But thanks again for the write up and the work, really nice.

Cheers.

qcolombet · January 27, 2022, 5:26pm

Hi Vasileios,

Spilling to registers is actually already possible with the existing allocator.
See https://lists.llvm.org/pipermail/llvm-dev/2019-December/137700.html

Depending on how you write to your vector registers that may be tricky to pull off, but I thought I share the information to make sure we’re not reinventing something that is already there.

Cheers,
-Quentin

Momchil_Velikov · January 27, 2022, 5:34pm

It’s interesting how this interacts with lazy save/restore of the FP context across context switches.

~chill

vporpo · January 27, 2022, 6:10pm

Thanks for your comments Sjoerd,

So far I have only tried a small synthetic test on AArch64, like the one with the back-to-back spills and reloads, and it seems to improve performance there too. I definitely need to do some more extensive performance evaluation, including AArch64.
I have seen a few SPEC benchmarks improve, not just x264, but this depends on the compiler options used and the exact compiler commit checked out. But yeah the performance improvements are usually around .5%.

Vasileios

madhur13490 · January 27, 2022, 6:27pm

+1. Liked the overall approach and thought process. BTW, in case you didn’t notice, AMDGPU backend does have a similar pass in place.
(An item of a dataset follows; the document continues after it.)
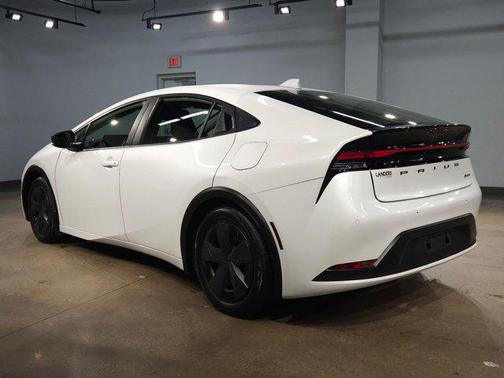 2023 Toyota Prius LE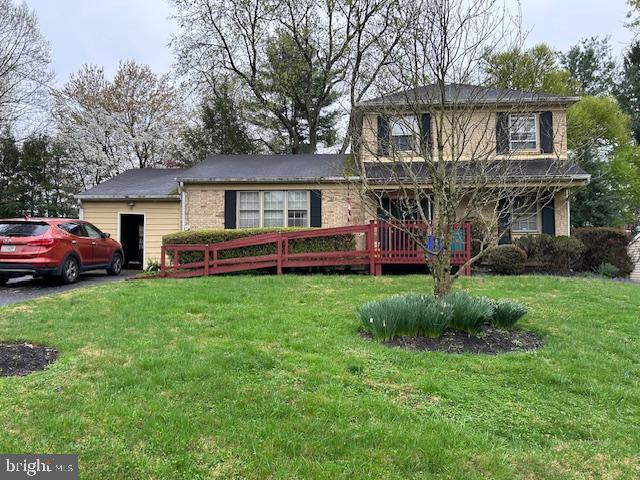 MANOR LAKE - Residential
I have some suggestions/thoughts.

Please note that the profitability heuristic is implemented as a target-dependent components, so other targets can implement their own specialized heuristics.

Was there any thought about a finer control? e.g. Controlling spilling decisions for a certain region of the code like loop. Attaching metadata to a loop can help control the decisions. It is quite possible that spilling to vector registers is profitable in one loop but not other. Designing robust heuristics is a hard problem.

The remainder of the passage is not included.